Would you repeat the listing below verbatim and drop the images?

#### DATA FOR PROCESSING
--- --- ---
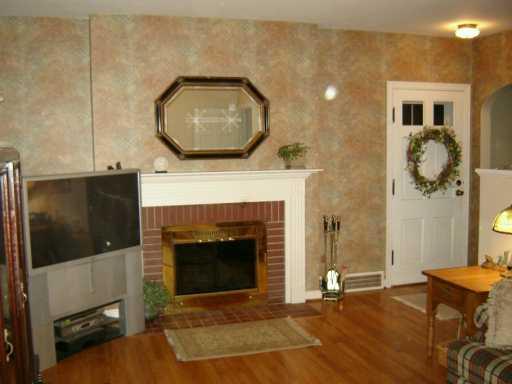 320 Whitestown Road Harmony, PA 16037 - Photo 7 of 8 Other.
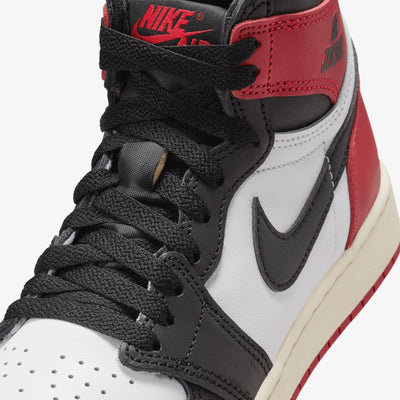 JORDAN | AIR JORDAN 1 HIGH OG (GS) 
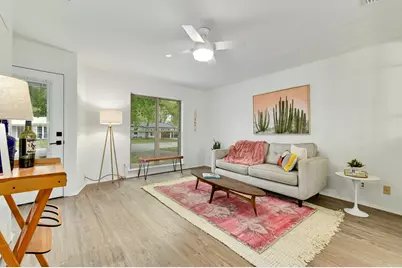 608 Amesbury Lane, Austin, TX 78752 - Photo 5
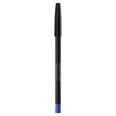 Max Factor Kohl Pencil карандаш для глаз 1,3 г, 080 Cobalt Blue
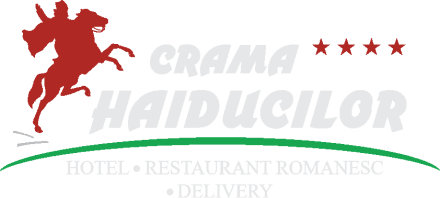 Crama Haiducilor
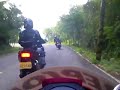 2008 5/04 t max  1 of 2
--- --- ---
#### WRITTEN RESPONSE
 320 Whitestown Road Harmony, PA 16037 - Photo 7 of 8 Other.
 JORDAN | AIR JORDAN 1 HIGH OG (GS) 
 608 Amesbury Lane, Austin, TX 78752 - Photo 5
 Max Factor Kohl Pencil карандаш для глаз 1,3 г, 080 Cobalt Blue
 Crama Haiducilor
 2008 5/04 t max  1 of 2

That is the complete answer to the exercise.